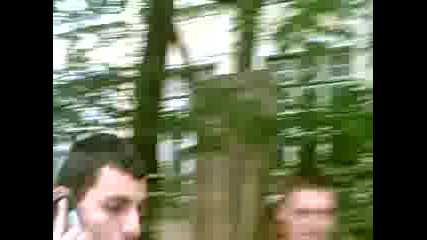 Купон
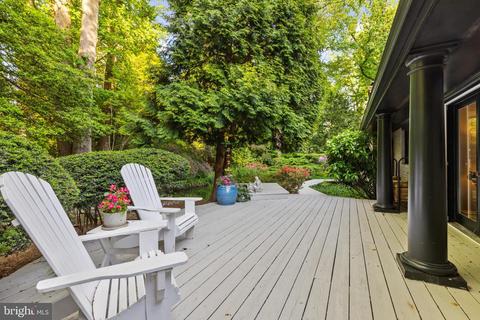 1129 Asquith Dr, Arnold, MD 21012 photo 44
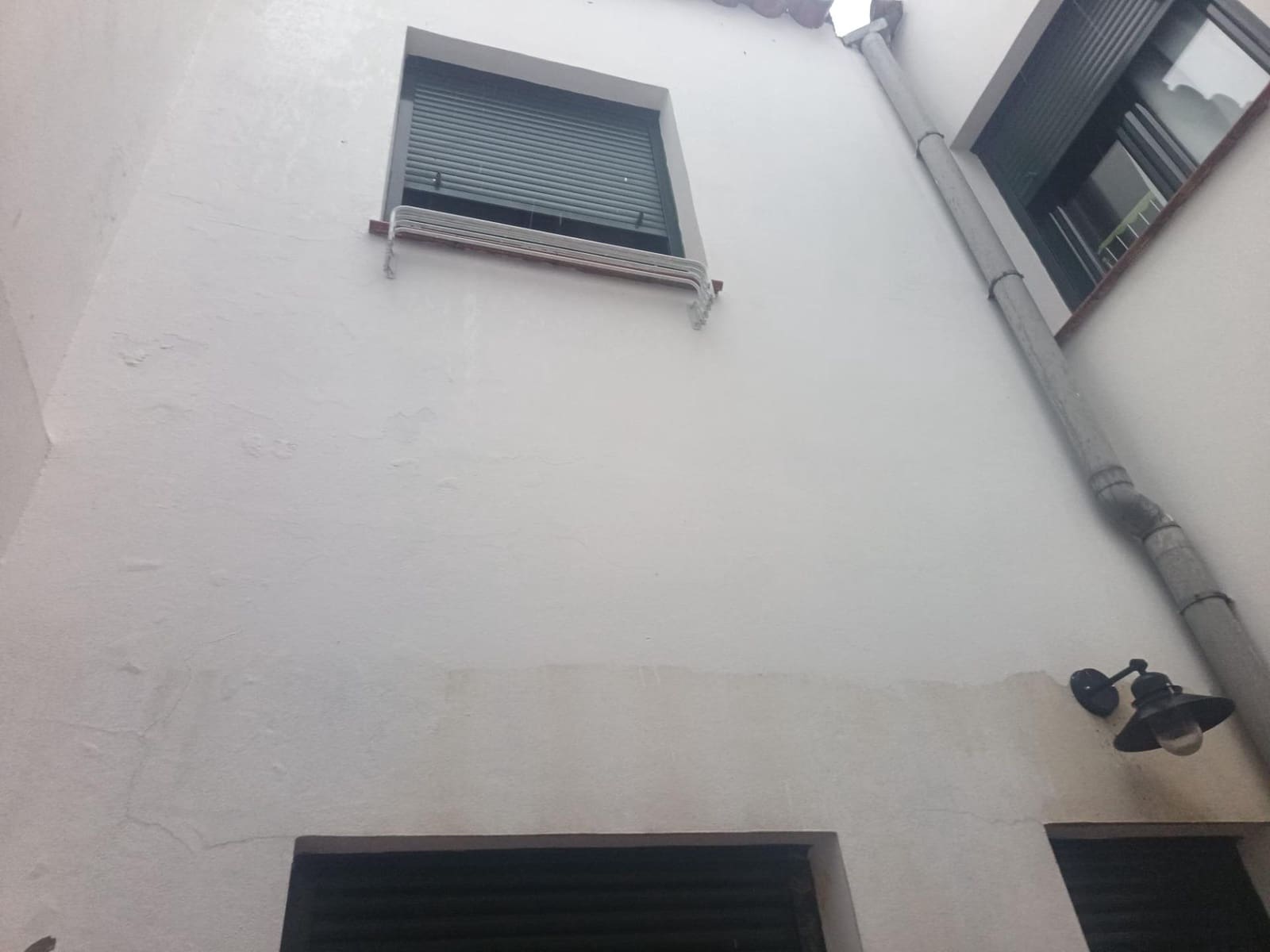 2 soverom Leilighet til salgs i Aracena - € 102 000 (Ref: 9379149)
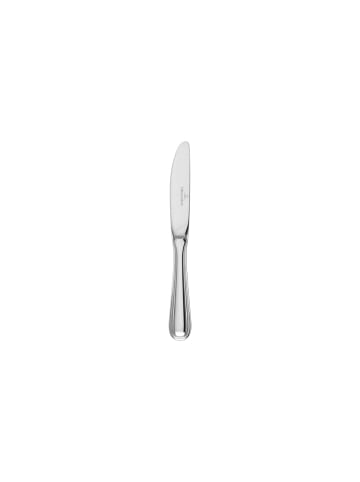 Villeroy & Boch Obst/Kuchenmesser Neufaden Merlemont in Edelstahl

· · · · · · ·

**ACTION ITEM**: Pictures must be left out. Repeat exactly the lines from the one containing "2 soverom Leilighet" through the final line of the data.

**RESPONSE FOR THIS EXERCISE**:
 2 soverom Leilighet til salgs i Aracena - € 102 000 (Ref: 9379149)
 Villeroy & Boch Obst/Kuchenmesser Neufaden Merlemont in Edelstahl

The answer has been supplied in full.